= TASK INSTRUCTIONS =
As the output, give exactly the lines that run from the one with "Südkoreanische Schwere Güter-Diesellokomotive" through the end of the records below, and omit pictures.
--- RECORDS FOR PROCESSING Enclosed Below ---
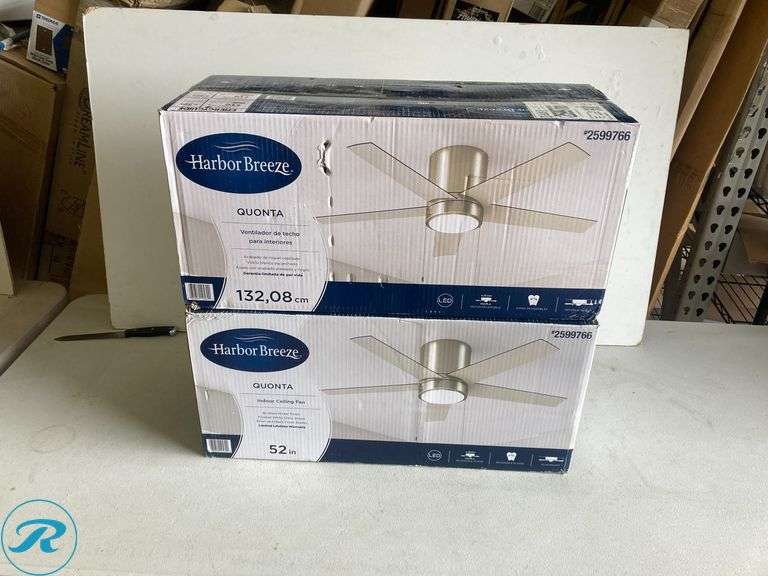 (2) New-Harbor Breeze Quonta 52-in Integrated LED Flush Mount Brushed Nickel with Matte Black/Brushed Nickel Blades Ceiling Fan With Light ( 5 -Blade ) - Roller Auctions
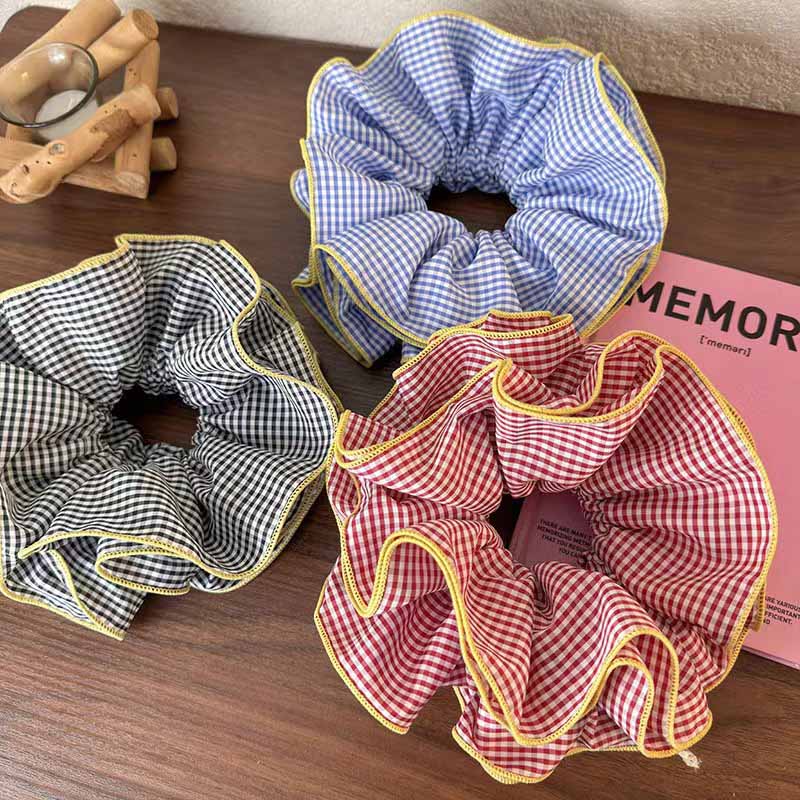Retro Colorful Lattice Ruffles Hair Scrunchies Headbands for Women Girls Sweet Romantic Hair Rope Rubber Band Hair Accessories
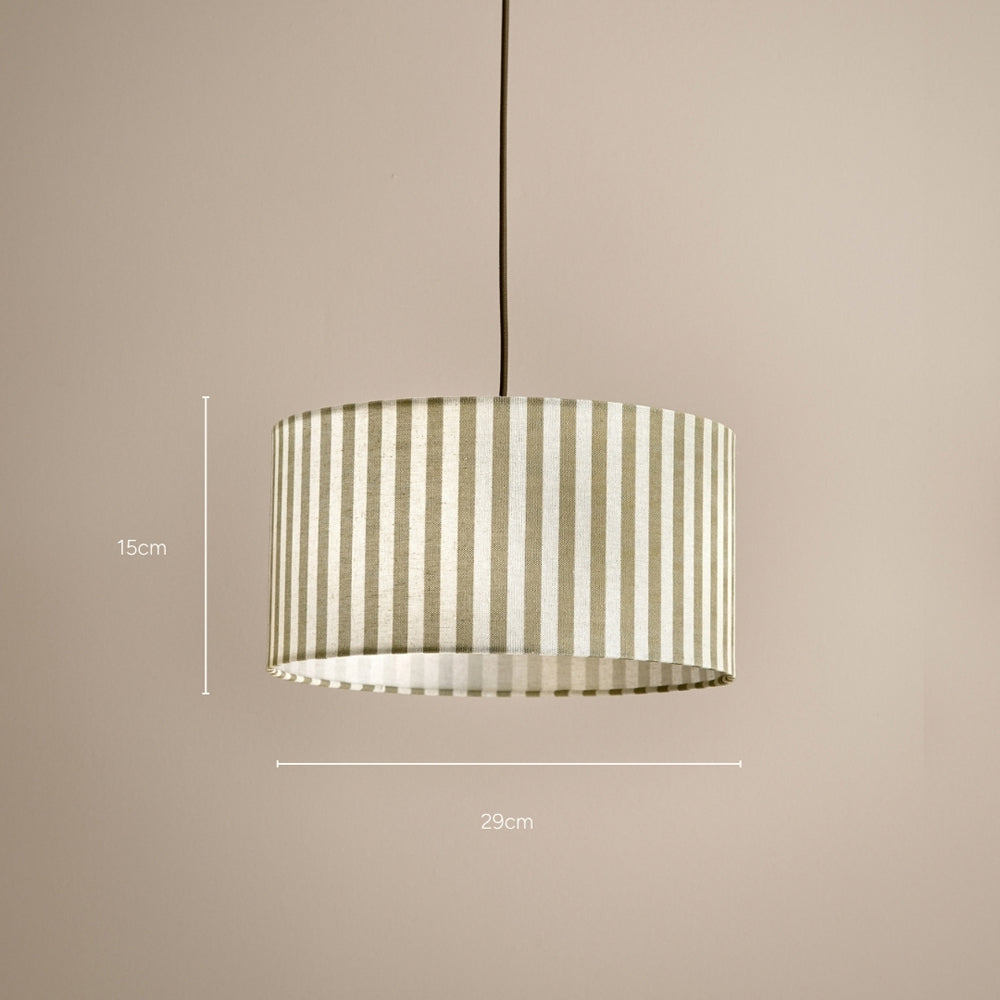 Striped Green Lighting - Hebden Outer Stripe Lamp Shade Olive Yard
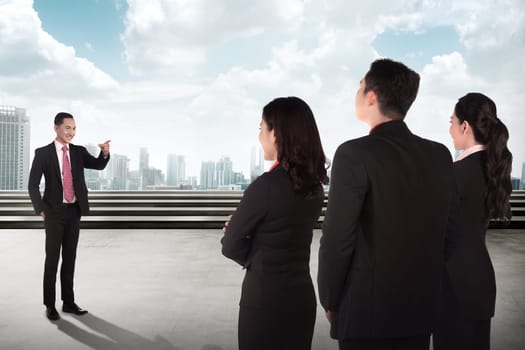 Manager give speech to other people. Business briefing conceptual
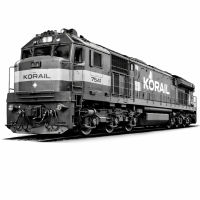 Südkoreanische Schwere Güter-Diesellokomotive – 3D Clipart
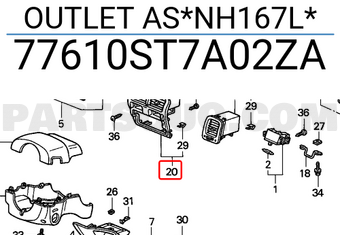 Honda 77610ST7A02ZA OUTLET AS*NH167L*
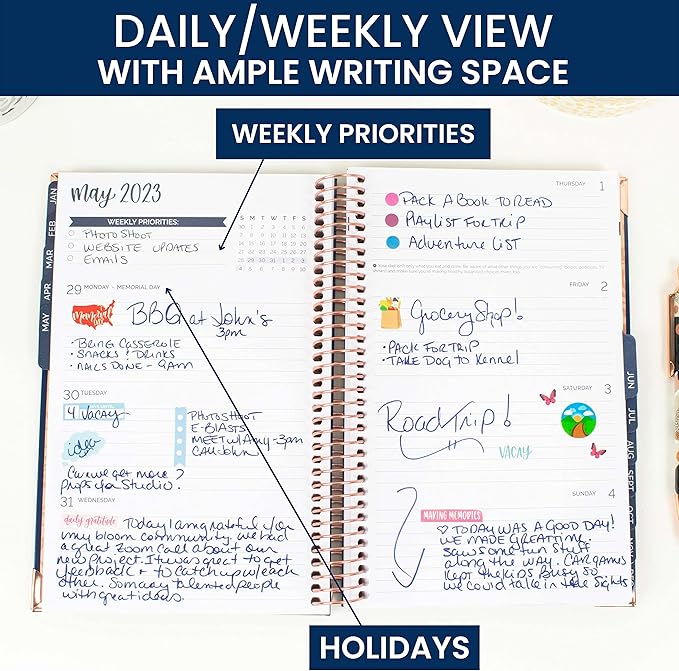 HARDCOVER bloom daily planners 2023 Calendar Year Day Planner (January 2023 - December 2023) - Passion/Goal Organizer - Monthly & Weekly Inspirational Agenda Book - 5.5" x 8.25" - Navy Embroidery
--- End of Enclosed RECORDS FOR PROCESSING ---
= RESULT FOR THIS EXERCISE =
 Südkoreanische Schwere Güter-Diesellokomotive – 3D Clipart
 Honda 77610ST7A02ZA OUTLET AS*NH167L*
 HARDCOVER bloom daily planners 2023 Calendar Year Day Planner (January 2023 - December 2023) - Passion/Goal Organizer - Monthly & Weekly Inspirational Agenda Book - 5.5" x 8.25" - Navy Embroidery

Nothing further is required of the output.